Activity:
Retype exactly every line from the one that includes "Unown [F] 056/106" through the final line of the listing, both ends kept, and omit the pictures.

Data extract:
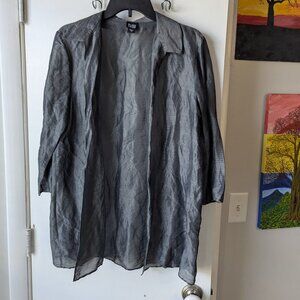 Vintage Eileen Fisher Gray Linen Silk Sweater Cardigan Size Small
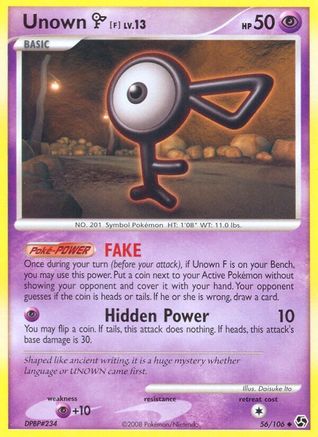 Unown [F] 056/106  - Reverse Holofoil Great Encounters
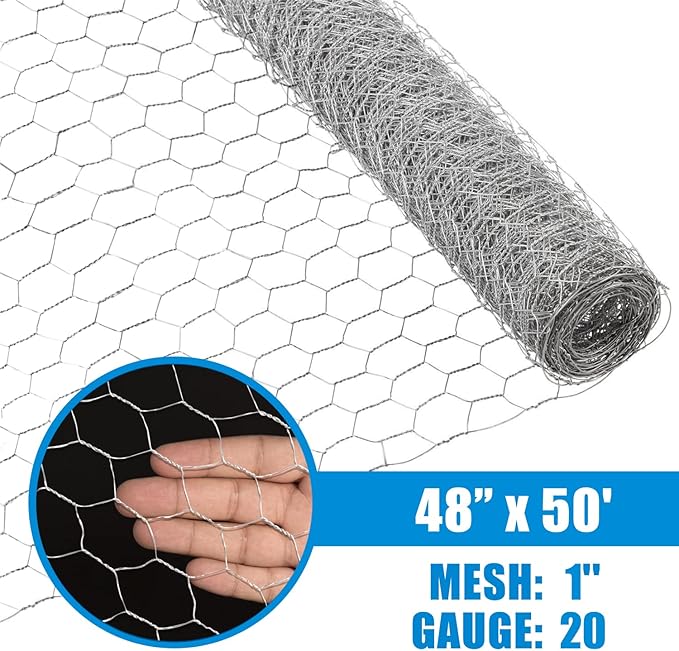 Fencer Wire Poultry Netting Fence, 20 Gauge Galvanized Hexagonal Chicken Wire Fence, 1-Inch Mesh Opening Size (4 ft. x 50 ft.)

Worked solution:
 Unown [F] 056/106  - Reverse Holofoil Great Encounters
 Fencer Wire Poultry Netting Fence, 20 Gauge Galvanized Hexagonal Chicken Wire Fence, 1-Inch Mesh Opening Size (4 ft. x 50 ft.)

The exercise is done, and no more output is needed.